Muchos consideramos que, a partir de los catorce años, el estudiante ya debería poder decidir si continuar el ejercicio del estudio o empezar una iniciación profesional con rigor y competencia. El mito de que todos tienen que llegar a la universidad necesariamente es un error descomunal y sólo se alcanza rebajando niveles de exigencia.
Estudios realizados en varias provincias, por diferentes instituciones, corroboran el dato siguiente: las experiencias escolares negativas son el mejor camino hacia el deslizamiento de los niños y los adolescentes hacia la droga y la delincuencia. En cambio, son menos vulnerables los niños y adolescentes que, aunque tengan un rendimiento académico normal, tienen una adecuada integración en el medio escolar.
Los educadores sabemos que no somos islas y que no educamos en campanas antirruidos. A la escuela llegan todos los estímulos de la satisfacción vital que los niños y adolescentes disfrutan en la calle, en los círculos de amistades, o que les venden los medios de comunicación. Y la escuela no es siempre un espacio y un tiempo placentero y lúdico, sobre todo a partir de ciertas edades, en las que la carga de estudio exige más aplicación y rendimiento y en las que el éxito y el fracaso cobran más significado social.

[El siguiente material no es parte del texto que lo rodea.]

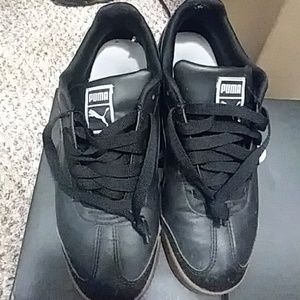Used puma roma sneakers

La escuela exige esfuerzo, grandes dosis de voluntad para concentrarse; exige abnegación, sacrificio personal, constancia, paciencia laboriosa, organización, autodominio y fortaleza interior. En contra, predomina en nuestra sociedad un clima de moral blanda, guiada por los deseos y la imaginación, las pasiones y la búsqueda ilimitada de sensaciones, en definitiva, una cultura que convierte los deseos en derechos.
En contra, la difusión de mensajes reduccionistas sobre la democratización de la escuela nos arrastró hacia una cierta tiranía del estudiante que se resiste ante el esfuerzo, ante las exigencias de los profesores, ante la necesidad de respetar las reglas de juego del trabajo y la convivencia. Es el resultado de la prevalencia de lo que me apetece y lo que no me gusta en el seno de la escuela, la familia y la sociedad.

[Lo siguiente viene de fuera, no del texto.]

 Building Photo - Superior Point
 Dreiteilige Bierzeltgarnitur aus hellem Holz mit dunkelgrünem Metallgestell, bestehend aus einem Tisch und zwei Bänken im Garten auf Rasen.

Hoy es urgente recuperar en la escuela las condiciones previas para reflexionar, para aprender, para convivir, para educar: el orden ambiental, la disciplina, el ambiente sano y seguro. Para ello, es esencial discernir antes los dieciséis quiénes tiene aptitudes y capacidades para el desarrollo de la vida intelectual y quiénes pueden articular con competencia una labor profesional de tipo manual.

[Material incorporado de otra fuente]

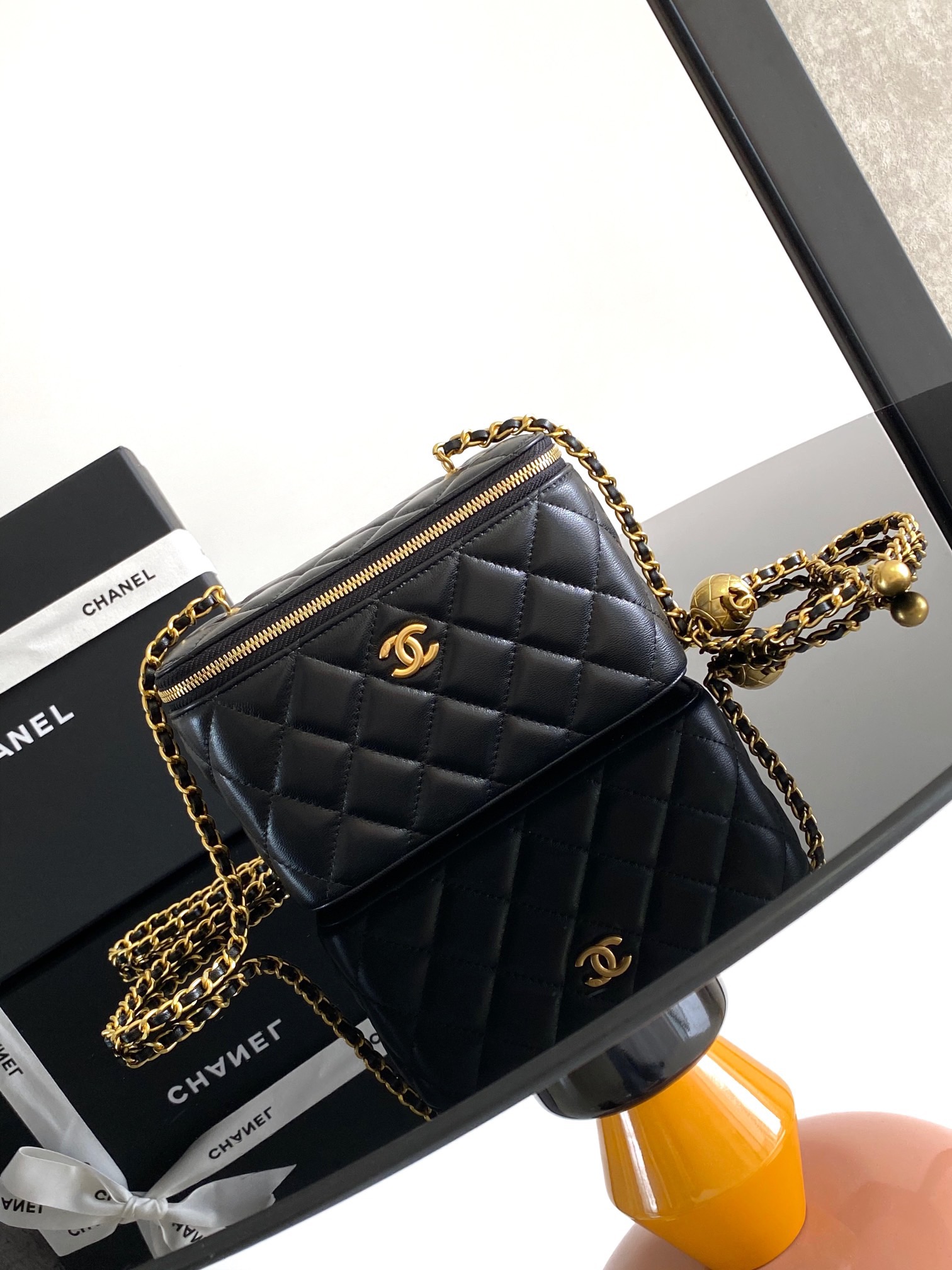 Jam5359  Chanel 68.99$ gallery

Algunos estudiantes están dilapidando el tiempo en las aulas. Y no sólo ellos, sino también tiempo del maestro y tiempo de sus compañeros. No podemos permitirnos este lujo y menos aún en contextos de movilidad laboral y de competitividad. Debemos formar excelentemente a nuestros jóvenes para que puedan competir con otros jóvenes procedentes de otros países europeos con un nivel de exigencia mucho más elevada. La cultura de la permisividad y del todo vale tiene los días contados.
Hace falta sobre todo recuperar el sentido de jerarquía y autoridad, el respeto a las normas sociales y a las leyes; en definitiva, el respeto a los derechos y deberes propios y de los demás.